On Thu, Apr 22, 2021 at 11:04 AM Kamil Tekiela <tekiela...@gmail.com> wrote:
>
> I don't like throwing exceptions for pretty much the same reasons as
Nikita described.
> This is a rather limited attack vector. It depends either on the user
going out of their way
> to make their password vulnerable or on the developer introducing the
vulnerability with
> the use of another function mangling the passwords. The latter is more
likely. In your
> example, you had to make the output of MD5 binary to make the function
fail. In fact,
> as far as I know, browsers strip NUL bytes or convert them to Unicode
unknown character.
> See spec
https://html.spec.whatwg.org/multipage/parsing.html#parse-error-unexpected-null-character
>
To simplify this discussion, let's take it as a given that we're not
getting nul bytes directly from the end user, or if we are that they
deserve what they get.

I'd like to focus on the other case, where pre-digests are done.  I'll
agree that it's the framework author doing something unexpected that puts
us in this situation, but I don't agree that them doing so is unreasonable.
It's known that bcrypt has a length limitation.  It's also clear that bits
of collision space are wasted by using ascii input. Those two facts make
producing binary output from a pre-digest function entirely reasonable.
Specifically, the largest output digest function available for the input
space.  sha512 produces 64 bytes of output which fit neatly into bcrypt's
72 character limit.
There is a 64 * (1/256) chance that at least one of those octets is a \0.
Or more concisely 1 in 8.  The degree to which this weakens the password
depends on the specific position, anywhere from negligible (last position)
to complete (first position).

I don't like 1/8 odds of my password being made less secure due to a poor
understanding of the limits of the default* password algorithm.

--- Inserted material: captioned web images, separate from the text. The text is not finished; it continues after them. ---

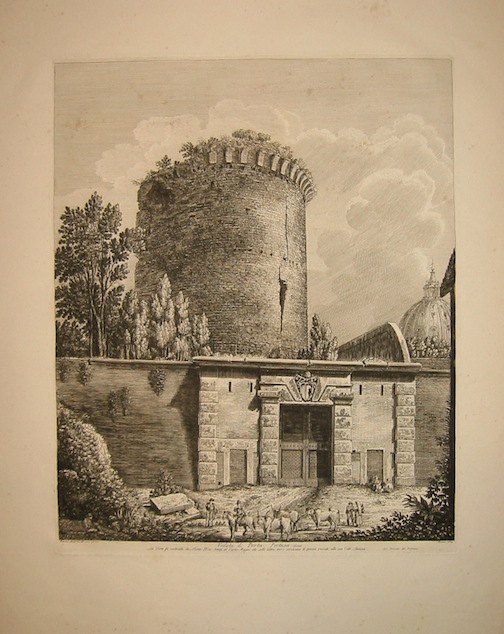 Rossini Luigi (1790-1875) Veduta di Porta Pertusa chiusa. La Torre fu costruita da Leone IV ai tempi di Carlo Magno che colle altre torri servivano di primo recinto alla sua Città  Leonina 1829 Roma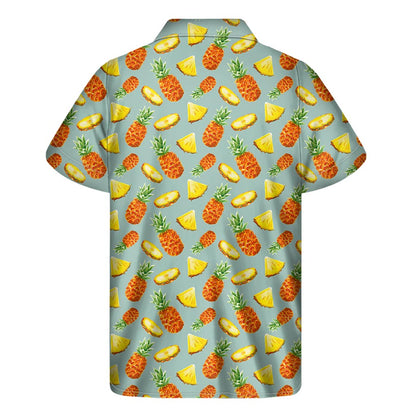 Watercolor Pineapple Pattern Print Men's Short Sleeve Shirt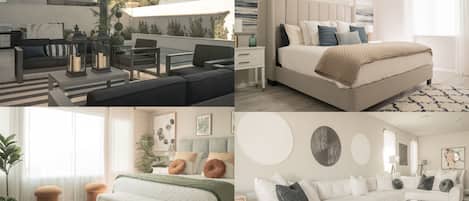 4 chambres, bureau, fer et planche à repasser, lit parapluie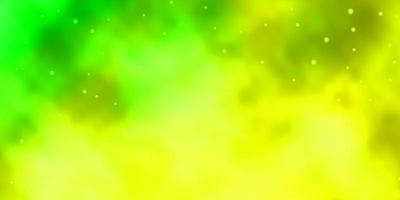 Light Green, Yellow vector background with small and big stars.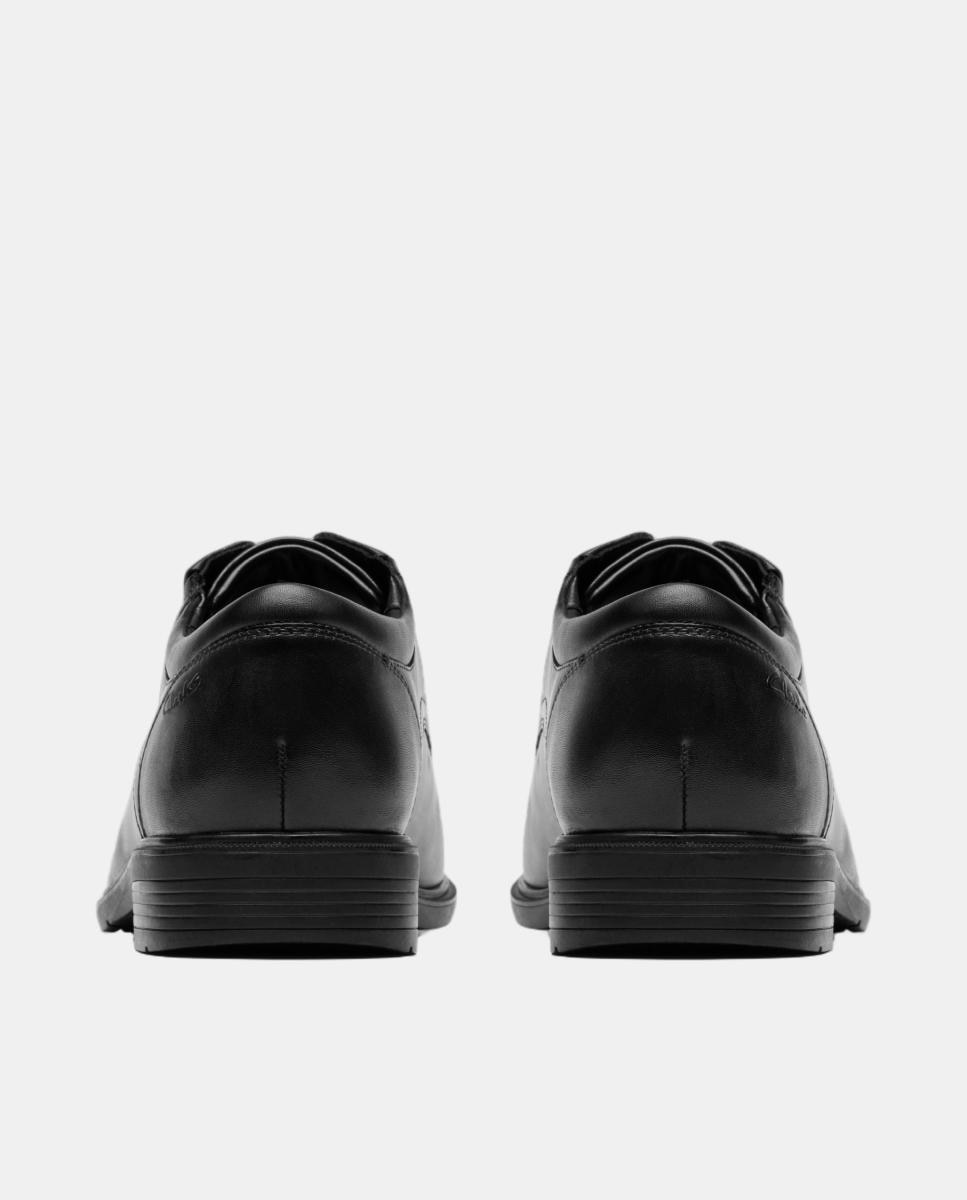 Sapatos de Atacadores em Pele com Sola de Borracha Preto-5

That's my
motivation.

* bcrypt being the only "always available" algorithm is an issue unto
itself and deserves a separate thread.

> As for PHP's behaviour, what we could do is strip NUL bytes before
hashing with bcrypt.
> This would still weaken passwords, but at least wouldn't discard the rest
of the string.
>
That's an option, but then we run into multi-version incompatibilities.
If a machine running 8.1 hashes "foo\0bar" (meaning it effectively hashes
"foobar"), other machines running 8.1+ can verify it just fine, but any
machine running 8.0- try to verify against "foo", and fail.
This is a specific issue for heterogeneous deployments, so maybe that's a
tolerable thing, but I'd probably introduce it in a major (e.g. 9.0).  We
could add the fallback check in verify now, and the change to hash in 9.0
so that the only way it'd fail would be producing on 9.0+ but verifying on
8.0- which is a bit extreme in terms of mixed deployments.

I'll be honest, I'd probably defer the exception in this PR until 9.0 as
well, given the pushback.

> We could also add a warning to the manual explaining that the function is
not binary safe.
>

100%  Gonna do that regardless of any decision made here.